All and all Luke had a great weekend. He has been drug free for about 10 days and feeling much better. Last night, Luke was going to spend his first night out since he has been diagnosed. Jeanine and I had tickets to A Chorus Line in the City, and Luke agreed to spend the night with Aunt Michele and Uncle Glen. Jeanine and I decided to come home early and have dinner by the beach rather than the hot City. Good move, because at about 11pm, Luke decided he would rather sleep at home, then out. We picked him up and he slept through the night. Today he spent most of the day by the pool even though it was overcast. He is now laughing out loud (LOL) watching Norbit with Eddie Murphy. Aunt Beth made the paper this weekend for the event she is having in November in honor of Luke. Please see link on the top of page called Giving Back. I will be selling tickets and plan on being the highest ticket seller this year, so please call me prior to the event if you would like to attend. Have a great night. ED

Luke watching TV and smiling for the camera

6-12-07

Hello All,

Last night I was invited to the Hind's home for a meeting to discuss this years Unity Bash in November. As I probably mentioned a hundred times already, This year the dinner is in honor of Luke and a good bit of the profit will be donated to the Valerie Fund of Monmouth Medical. The remaining profits will be donated to other charities that will directly impact children's lives in Monmouth County. It truly amazes me on how many people are donating their time throughout the year to help children in our area. You are all very special people. The last two years have been amazing and I think this year has the momentum to blow away past events. Our goal this year is to have a turnout of over 600 people.

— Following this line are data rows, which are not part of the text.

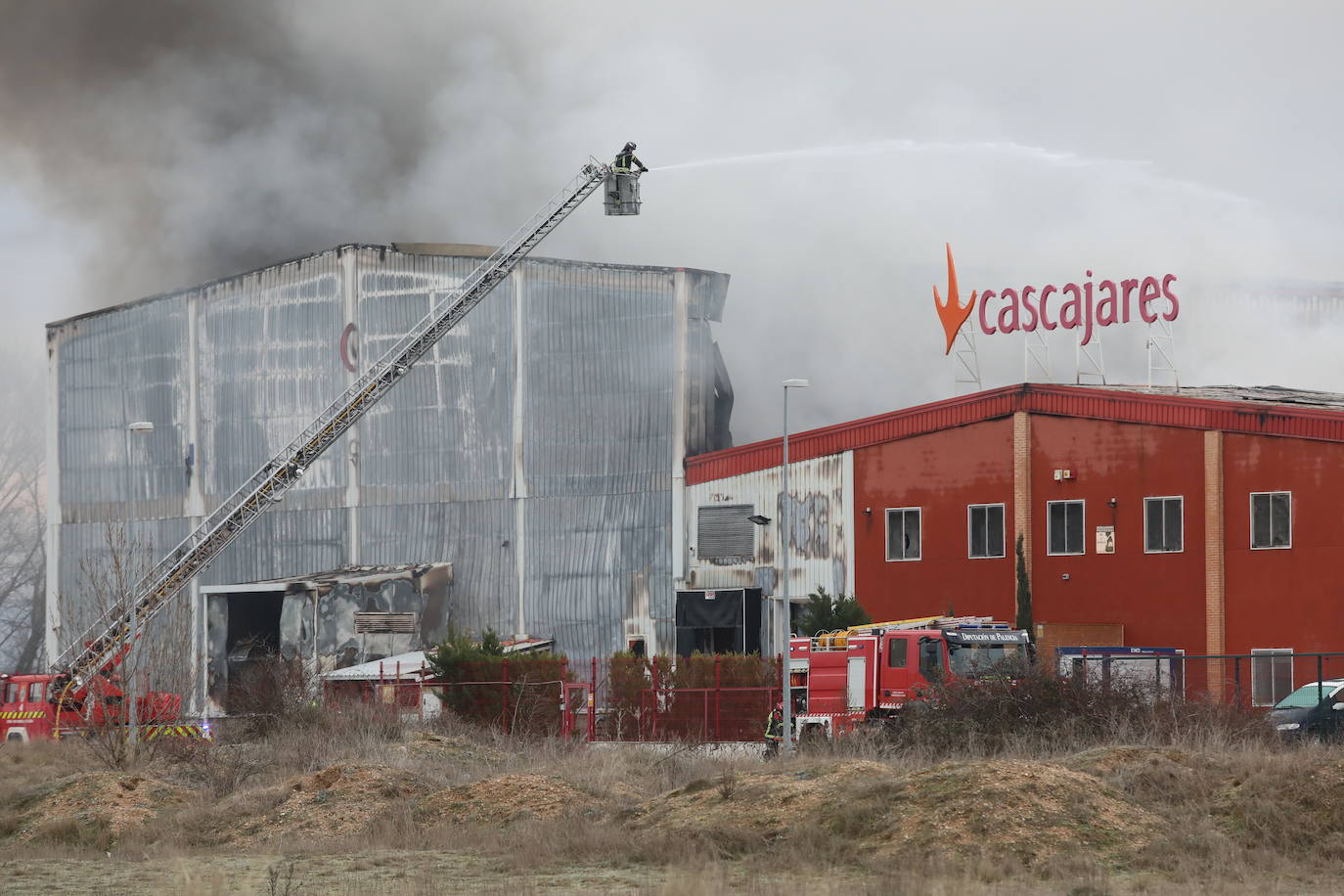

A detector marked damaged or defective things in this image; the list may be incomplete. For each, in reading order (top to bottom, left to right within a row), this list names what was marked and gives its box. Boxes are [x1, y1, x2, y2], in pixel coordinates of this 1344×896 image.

burnt roof section [47, 242, 731, 329]
burnt roof section [693, 381, 1344, 486]
burned metal siding [682, 456, 849, 602] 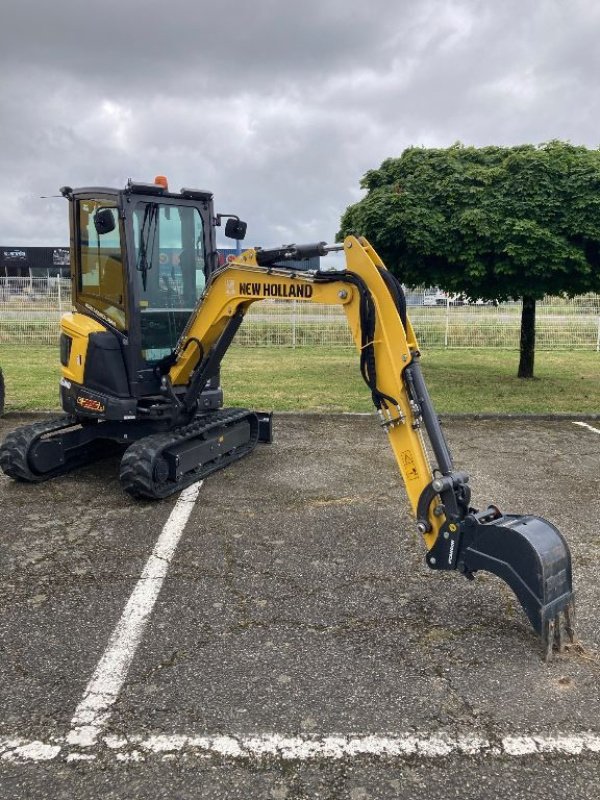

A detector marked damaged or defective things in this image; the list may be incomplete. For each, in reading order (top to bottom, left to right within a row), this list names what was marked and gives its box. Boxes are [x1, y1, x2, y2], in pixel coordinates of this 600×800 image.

cracked pavement [1, 416, 600, 796] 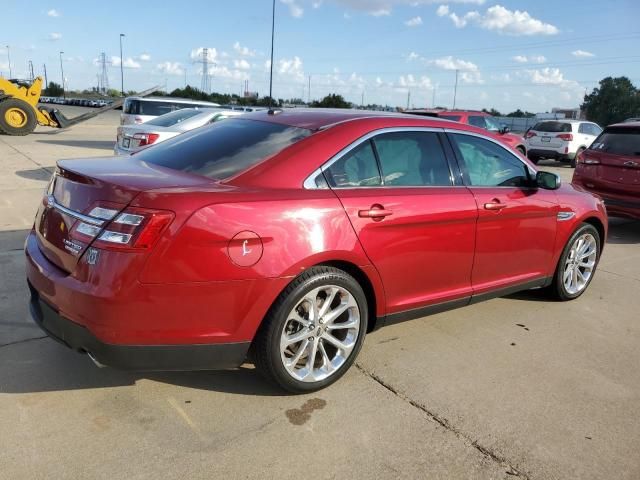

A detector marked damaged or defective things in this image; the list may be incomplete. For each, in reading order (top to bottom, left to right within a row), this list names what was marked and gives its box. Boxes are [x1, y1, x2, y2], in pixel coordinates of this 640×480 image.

pavement crack [356, 364, 528, 480] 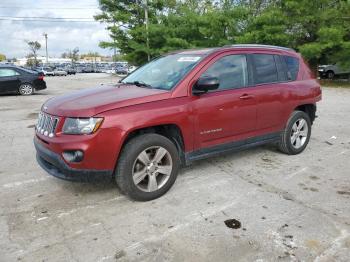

Today was another good day for Luke. Tomorrow we go to the Valerie at 2PM just for a blood test to determine where his counts are and when to start the Chemo again. For now, Luke was very pleased to hear that tomorrow is only a finger stick and no BIG needles. I will let you know how we do tomorrow and for now Luke is up in bed and hopefully going to sleep all night. We need all the rest we can get especially when the steroids start again next week.. NOT GOOD!

Have a great night ED

6-13-07

Hello all,

Well today started off with Luke waking up crying and complaining that his stomach hurt. You could tell that he was very nervous about his upcoming visit to MMC. He was whining and crying all morning. When we arrived at the Valerie, Luke was very upset and threw up within 5 minutes of arriving. He had to go to the lab to visit with Barbara to give about 10 drops of blood by getting his finger pricked. He insisted that I do the sticking. (Fun Fun). Several minutes later we were back in the Valerie and Luke and I were fighting on who was going to play Guitar Hero first. Guess who won? Luke met with Dr. Barilari today. Dr Barilari can blow a huge bubble when washing his hands. Luke thought it was very funny. Luke’s counts were up again and he had to take oral Chemo as soon as we got home. Thanks Lorraine for the classic Power Ranger VCR tapes. Luke remembered that I had them, and I am glad that I remembered to bring them home. He was waiting at the door asking for them. It kept him busy for over an hour. Thanks also to Gaye and Paul for the beautiful basket. Jeanine and I are going to dig in, in a few.

Thanks all, for all your prayers and have a great night, Ed

Friday

Hello all,

Luke is doing well, he was out with Aunt Liz tonight having fun. Tomorrow we have an event for the leukemia and lymphoma society at Centrex Gym (across from Middletown police Dept). We just recently heard that this was in honor of Luke. It is from 12 to 3. Thanks Leigh Anne, your a great friend.

This tragic event in our lives has brought so much support and love from our friends, it truly amazes me .You are all such great people and we cant thank you enough for all of the support we receive. Thanks All,

6-17-2007

Hi All,

Happy Fathers Day! Luke has had a good weekend. Yesterday we went to the charity event at the Centrex Gym in Middletown. Luke had a ball going in the fire truck and playing with all of the gadgets. Thanks to all for donating to the Leukemia Society in honor of Luke. Luke is a much loved little boy and we are grateful for all of the support. Tomorrow is Luke’s birthday. He is very excited and can’t wait for presents and the Power Ranger cake Aunt Michele is making. (It must be nice to enjoy getting older)

This week will get tougher. We are already seeing a change in Luke’s temper with starting up the meds again. Tuesday we go to the Valerie for a finger stick to see where his counts are, than Wednesday we go to MMC day stay for a spinal tap with methotrexate, Vincristine in his port, and he starts back on steroids for another 5 days. This is the part that I hate because he has to get anesthesia for the spinal and the steroids are always a pleasure (NOT!!)

Enjoy your night and have a great father’s day. ED

Happy 4th Birthday Luke

Click on the Power Ranger Lightening Bolt

to go to the Top of this Page

t6-20-07

Hello all,

Luke had a wonderful 4th birthday. I think he now has every Power Ranger toy ever made. Thanks for all the gifts. Today went as good as planned. We arrived at MMC at 9am and left by 1. The anesthesiologist had to give him a very large dose to get him to sleep. He actually woke up during the procedure. I personally think he just doesn’t like to sleep. He has been running around like crazy ever since we arrived home.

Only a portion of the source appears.